Siguiendo el ceremonial el protonotario preguntó en voz alta al delfín si ante todos aceptaba por esposa a la noble dama archiduquesa Margarita de Austria. El delfín contestó, también en voz alta, que sí, que aceptaba. De la misma manera fue interrogada la delfina, y ella también asintió.

Todo eran celebraciones. Las casas por donde había de pasar el cortejo se adornaron con tapices y flores y el pueblo regocijado se dice que «bebió, tal vez, más de la cuenta». En Amiens se construyó una fuente con una sirena de cuyos pechos brotaba vino tinto.

Para la ceremonia asistieron en la capilla los hombres de la embajada de Maximiliano de Austria, entre otros, Juan de Lanoy, abad de San Bertin; el gran canciller de la Orden del Toison de Oro; el abad de San Pedro de Gante, Juan de Berghes, señor de Walhain; Balduino de Lannoy, señor de Molenbaix; así como representantes de las ciudades de Flandes. Nadie quería estar ausente o ser omitido en estas celebraciones.

De nuevo el delfín se presentó con otro nuevo vestido, esta vez un atuendo todo blanco con larga capa tejida de damasco y fina seda. Caminó majestuosa y lentamente hacia la capilla de mano de monsieur de Beaujeu y mientras ellos dos caminaban eran acompañados de timbales y clarines en una fila de dos en el fondo, tras estos aún venía una fila de señores invitados a tan gran boda. A la puerta de la capilla el delfín se reunió con Margarita, que había sido llevada hasta allí por madame de Segré. Una vez dentro la pareja pronunció sus votos.
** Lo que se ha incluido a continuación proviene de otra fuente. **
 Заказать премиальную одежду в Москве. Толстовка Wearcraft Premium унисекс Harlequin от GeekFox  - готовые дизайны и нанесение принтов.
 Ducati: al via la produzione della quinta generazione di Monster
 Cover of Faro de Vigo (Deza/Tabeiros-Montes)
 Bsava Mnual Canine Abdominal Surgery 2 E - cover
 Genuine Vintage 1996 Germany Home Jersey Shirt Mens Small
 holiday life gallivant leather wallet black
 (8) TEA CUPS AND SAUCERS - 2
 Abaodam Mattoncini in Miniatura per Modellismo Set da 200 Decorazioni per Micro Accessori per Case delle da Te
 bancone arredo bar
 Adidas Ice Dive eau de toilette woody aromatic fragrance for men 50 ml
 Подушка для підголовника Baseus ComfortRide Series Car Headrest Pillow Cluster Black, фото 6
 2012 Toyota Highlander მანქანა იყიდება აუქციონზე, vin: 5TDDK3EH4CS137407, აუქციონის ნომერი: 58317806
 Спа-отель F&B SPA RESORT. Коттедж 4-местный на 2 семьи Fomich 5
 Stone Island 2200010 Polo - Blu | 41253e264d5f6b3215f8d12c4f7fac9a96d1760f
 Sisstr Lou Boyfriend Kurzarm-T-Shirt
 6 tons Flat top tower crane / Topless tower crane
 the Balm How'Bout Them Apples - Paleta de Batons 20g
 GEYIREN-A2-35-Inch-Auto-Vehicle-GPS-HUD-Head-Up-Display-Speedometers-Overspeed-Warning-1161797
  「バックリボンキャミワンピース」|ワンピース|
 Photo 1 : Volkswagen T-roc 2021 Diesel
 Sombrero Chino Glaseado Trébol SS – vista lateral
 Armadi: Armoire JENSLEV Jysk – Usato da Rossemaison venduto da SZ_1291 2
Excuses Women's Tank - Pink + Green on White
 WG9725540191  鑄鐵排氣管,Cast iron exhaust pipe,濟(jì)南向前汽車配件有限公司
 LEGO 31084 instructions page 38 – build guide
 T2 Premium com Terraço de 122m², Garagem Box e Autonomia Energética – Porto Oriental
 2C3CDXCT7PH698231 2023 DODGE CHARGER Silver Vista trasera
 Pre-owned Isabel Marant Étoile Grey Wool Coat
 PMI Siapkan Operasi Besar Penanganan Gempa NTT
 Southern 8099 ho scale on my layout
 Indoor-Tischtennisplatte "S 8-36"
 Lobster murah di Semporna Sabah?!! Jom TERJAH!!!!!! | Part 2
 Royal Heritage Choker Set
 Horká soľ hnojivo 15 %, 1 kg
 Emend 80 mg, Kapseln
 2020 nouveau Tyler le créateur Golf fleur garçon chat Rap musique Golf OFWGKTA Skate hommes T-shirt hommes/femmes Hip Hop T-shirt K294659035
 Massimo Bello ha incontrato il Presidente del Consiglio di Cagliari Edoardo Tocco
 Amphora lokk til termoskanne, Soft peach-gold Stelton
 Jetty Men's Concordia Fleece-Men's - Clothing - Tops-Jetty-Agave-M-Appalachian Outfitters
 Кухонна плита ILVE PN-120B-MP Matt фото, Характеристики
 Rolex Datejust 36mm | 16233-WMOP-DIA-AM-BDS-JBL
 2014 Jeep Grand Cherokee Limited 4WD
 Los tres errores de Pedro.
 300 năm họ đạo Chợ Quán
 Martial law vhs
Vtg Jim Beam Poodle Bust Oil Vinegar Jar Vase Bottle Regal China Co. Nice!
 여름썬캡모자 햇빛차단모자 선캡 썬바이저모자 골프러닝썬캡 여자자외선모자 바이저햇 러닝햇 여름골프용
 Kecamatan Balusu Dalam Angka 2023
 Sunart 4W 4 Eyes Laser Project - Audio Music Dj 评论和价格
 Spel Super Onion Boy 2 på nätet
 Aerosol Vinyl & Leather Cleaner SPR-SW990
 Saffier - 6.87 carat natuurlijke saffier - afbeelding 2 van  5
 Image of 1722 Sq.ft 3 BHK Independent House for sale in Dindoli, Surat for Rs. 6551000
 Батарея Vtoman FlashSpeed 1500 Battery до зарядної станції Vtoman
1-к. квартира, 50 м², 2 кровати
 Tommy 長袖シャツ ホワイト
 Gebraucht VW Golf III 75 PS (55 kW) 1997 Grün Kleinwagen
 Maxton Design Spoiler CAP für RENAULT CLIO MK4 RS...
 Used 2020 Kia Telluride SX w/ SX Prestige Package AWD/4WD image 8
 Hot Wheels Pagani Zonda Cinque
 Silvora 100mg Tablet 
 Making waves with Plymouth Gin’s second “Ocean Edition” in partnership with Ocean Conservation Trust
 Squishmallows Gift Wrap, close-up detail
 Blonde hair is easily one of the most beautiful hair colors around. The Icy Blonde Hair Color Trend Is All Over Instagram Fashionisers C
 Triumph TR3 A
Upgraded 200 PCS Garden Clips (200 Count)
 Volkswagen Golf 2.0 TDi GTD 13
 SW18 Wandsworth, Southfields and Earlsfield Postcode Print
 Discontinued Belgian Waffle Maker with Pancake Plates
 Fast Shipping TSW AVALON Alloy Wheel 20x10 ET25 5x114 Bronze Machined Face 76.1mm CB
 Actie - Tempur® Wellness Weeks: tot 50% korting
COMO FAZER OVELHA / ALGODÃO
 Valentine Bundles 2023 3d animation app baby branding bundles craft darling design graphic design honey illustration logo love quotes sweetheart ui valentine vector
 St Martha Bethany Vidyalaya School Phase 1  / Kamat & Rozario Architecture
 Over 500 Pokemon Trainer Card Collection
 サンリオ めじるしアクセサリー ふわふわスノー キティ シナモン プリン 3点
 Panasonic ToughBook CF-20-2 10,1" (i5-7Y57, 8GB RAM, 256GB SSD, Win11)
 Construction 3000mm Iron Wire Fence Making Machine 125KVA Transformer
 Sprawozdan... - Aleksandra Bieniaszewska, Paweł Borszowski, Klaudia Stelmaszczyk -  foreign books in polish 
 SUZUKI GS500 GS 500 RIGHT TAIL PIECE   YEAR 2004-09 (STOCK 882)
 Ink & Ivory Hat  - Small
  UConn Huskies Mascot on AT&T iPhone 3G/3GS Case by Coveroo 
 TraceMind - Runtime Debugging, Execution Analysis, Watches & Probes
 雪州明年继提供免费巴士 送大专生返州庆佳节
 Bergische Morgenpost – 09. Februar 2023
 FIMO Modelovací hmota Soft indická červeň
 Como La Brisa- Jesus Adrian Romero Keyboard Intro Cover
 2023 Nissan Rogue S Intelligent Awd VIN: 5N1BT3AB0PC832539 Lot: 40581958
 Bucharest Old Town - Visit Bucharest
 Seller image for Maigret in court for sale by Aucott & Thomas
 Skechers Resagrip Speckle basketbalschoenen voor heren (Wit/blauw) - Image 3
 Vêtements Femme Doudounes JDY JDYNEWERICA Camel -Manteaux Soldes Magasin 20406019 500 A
Hay dudas —nunca despejadas— de si la ceremonia fue o no fue un verdadero matrimonio, pasando por alto la circunstancia de que la novia no tenía edad de otorgar su consentimiento. Había —dice Richardson— dos tipos de contrato matrimonial: por verbo de futuro —per verba de futuro— y por verbo de presente —per verba de praesenti—; y todo dependía del tiempo verbal usado en el compromiso. En el primer caso, lo anunciado solemnemente era lo que sucedería en el futuro y no era un verdadero matrimonio. Se solía usar en el caso de que los contrayentes fuesen demasiado jóvenes, ya que la fecha en que el matrimonio podría consumarse era indefinida en el futuro. En el segundo caso, per verba de praesenti, se pronunciaban los votos y se celebraba la ceremonia en palabras de presente y en ambos casos no quedaba consumada la ceremonia hasta que la cohabitación no hubiese tenido lugar4. Hay historiadores que sostienen que fue un verdadero matrimonio y otros que no. No entraremos en ello, toda vez que nunca se consumó.

Terminada la ceremonia el delfín colocó un anillo en el dedo de la ahora delfina y allí acabó todo. Desde ese momento Margarita era, junto con su esposo, la heredera legítima del trono de Francia. Eran dos niños, pero aún así el destino corrió de prisa y el rey de Francia, Luis XI, falleció en 1483. La tutoría de Carlos y Margarita recayó en madame Ana de Beaujeu, nombrada regente, la cual —según el difunto rey— era «la menos torpe de las mujeres porque no había en el mundo tal cosa como una mujer sabia».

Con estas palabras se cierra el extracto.